However, our current deep learning approaches fail to capture these two key ingredients. For example, the state-of-the-art approaches based on two-stream ConvNets [1, 2] are still learning to classify actions based on individual video frame or local motion vectors. Local motion clearly fails to model the dynamics of shape changes. To tackle this limitation, recent work has also focused on modeling long term temporal information with Recurrent Neural Networks [3,4,5,6] and 3D Convolutions [7,8,9,10]. However, all these frameworks focus on the features extracted from the whole scenes and fail to capture long-range temporal dependencies (transformations) or region-based relationships. In fact, most of the actions are classified based on the background information instead of capturing the key objects (e.g., the book in “opening a book”) as observed in [11].

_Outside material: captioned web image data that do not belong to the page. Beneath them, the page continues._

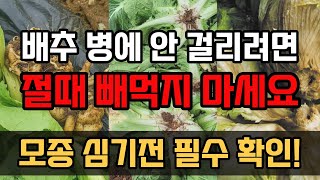 가을 김장 배추 무 심기전에 이것만 넣어주면 뿌리혹병과 해충 걱정이 사라집니다!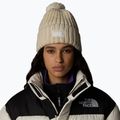 Herren Wintermütze The North Face Cozy Chunky Cabin gardenia weiß/kies 3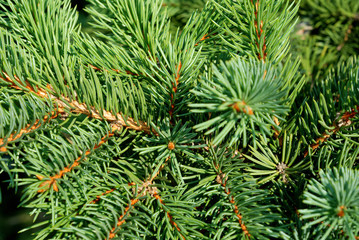 Branches of a natural fur-tree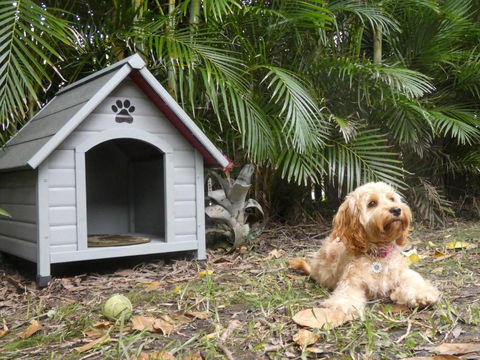 CHILL OUT BEACH HOUSE At FORSTER - Accommodation Noosa 3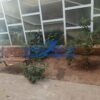 Νέα Μάκρη Ζούμπερι, 28 τ.μ., €300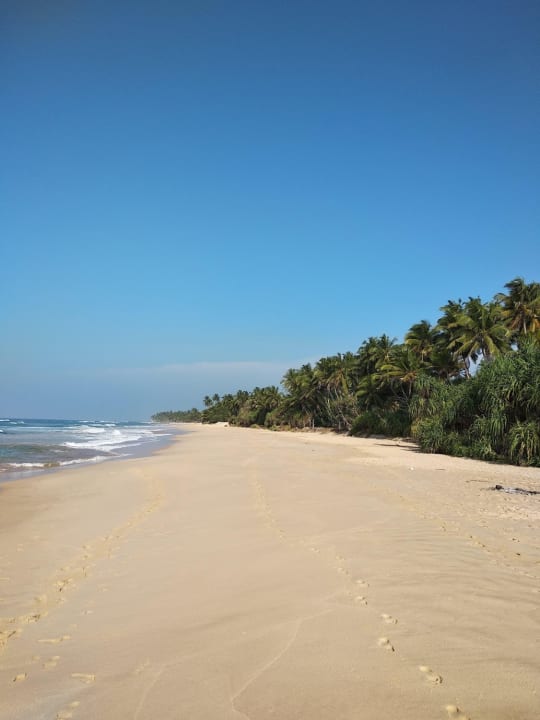 Strand Hotel Haus am Meer Wilde Ananas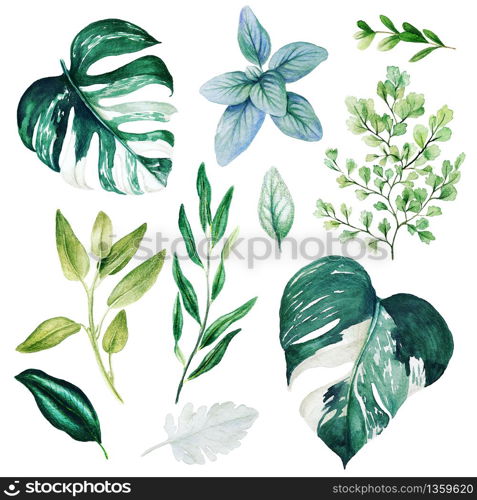 Monstera leaves and adiantum, Watercolor bright greenery collection, hand drawn illustration.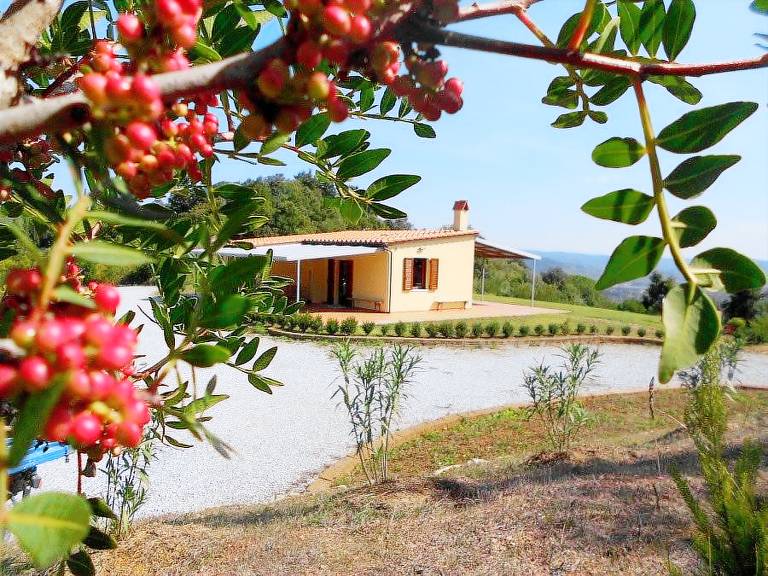 Casale Suvereto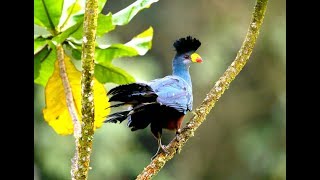 Turacos Birds: The Attractive and Colorful Turacos of Africa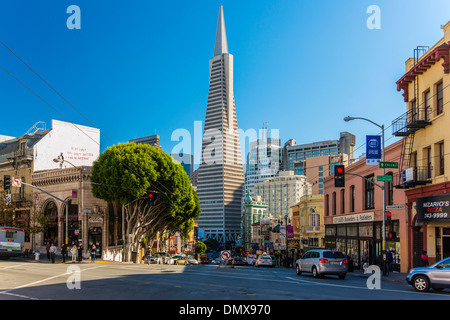 Die Transamerica Pyramid Gebäude gesehen aus Columbus Avenue, San Francisco, Kalifornien, USA Stockfoto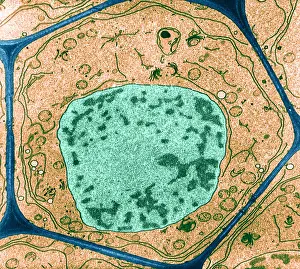 Nuclear Prints: Typical Plant Cell, Root Tip, TEM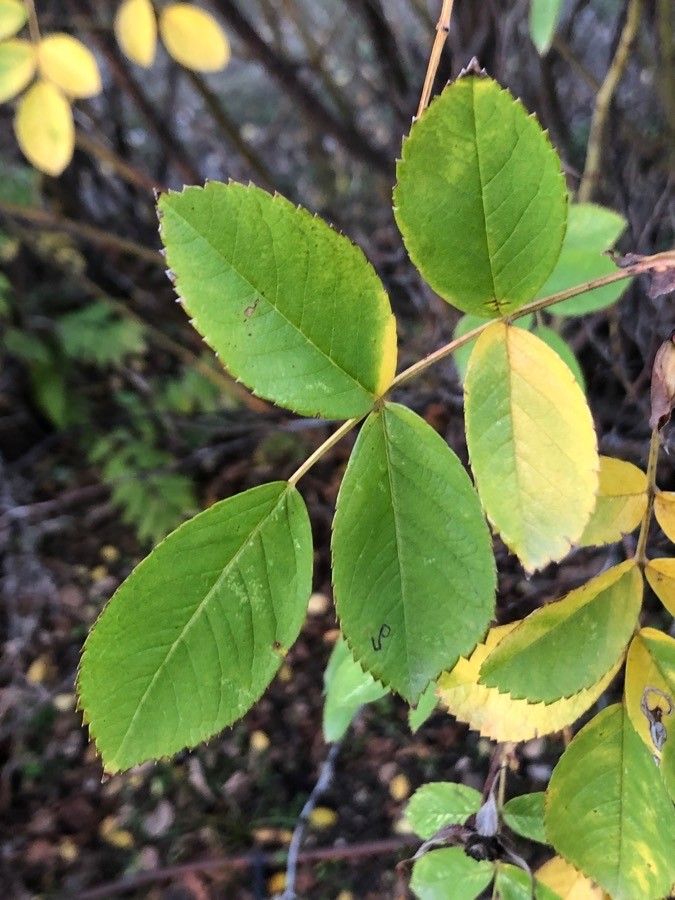 Rosa × paulii leaf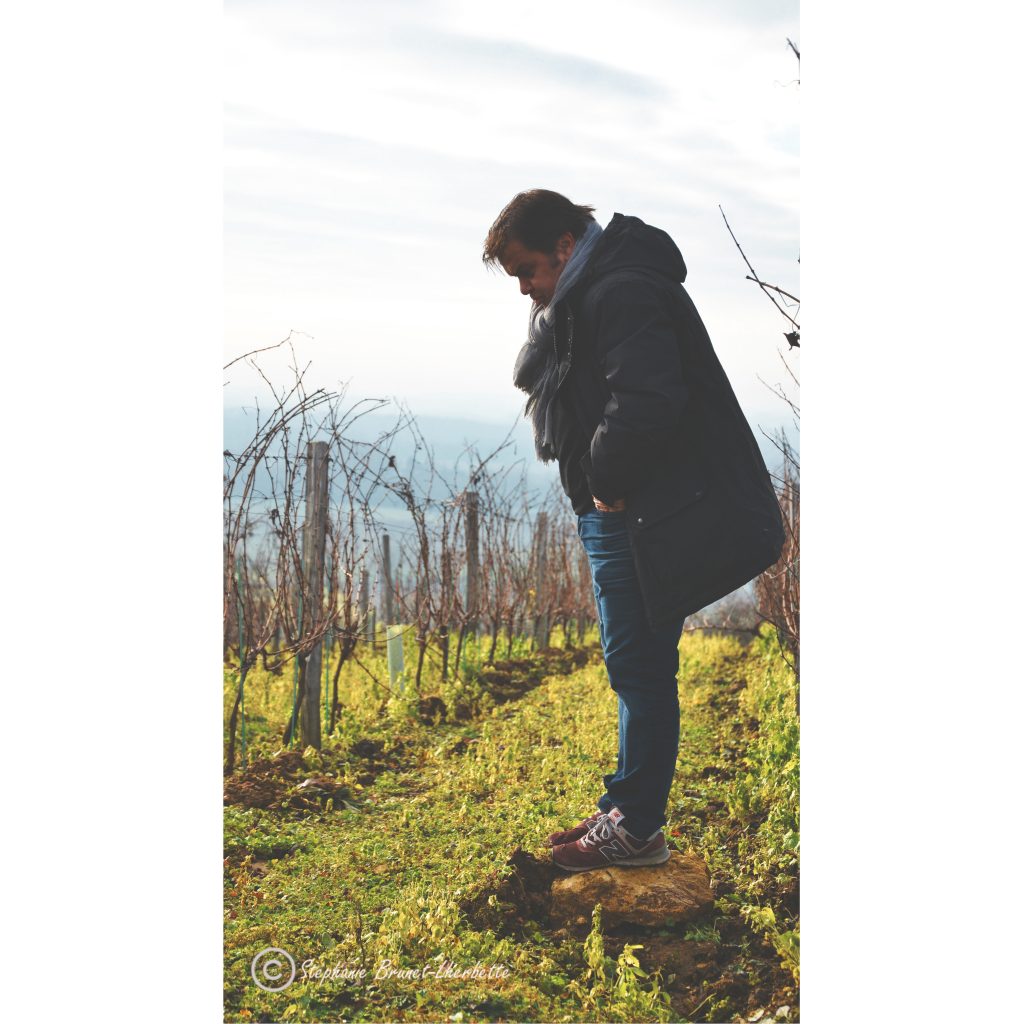 illustration-frederic-sigonneau-domaine-de-l-r-artisan-vigneron-dans-ces-vignes-vallee-de-la-loire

On the other hand, there have been several efforts to specifically model the human-object or object-object interactions [12, 13]. This direction have been recently revisited with ConvNets in an effort to improve object detection [14,15,16], visual relationship detection [17] and action recognition [18], etc. However, the relationship reasoning is still performed in static images failing to capture temporal dynamics of these interactions. Thus, it is very hard for these approaches to capture the changes of object states over time as well as the causes and effects of these changes.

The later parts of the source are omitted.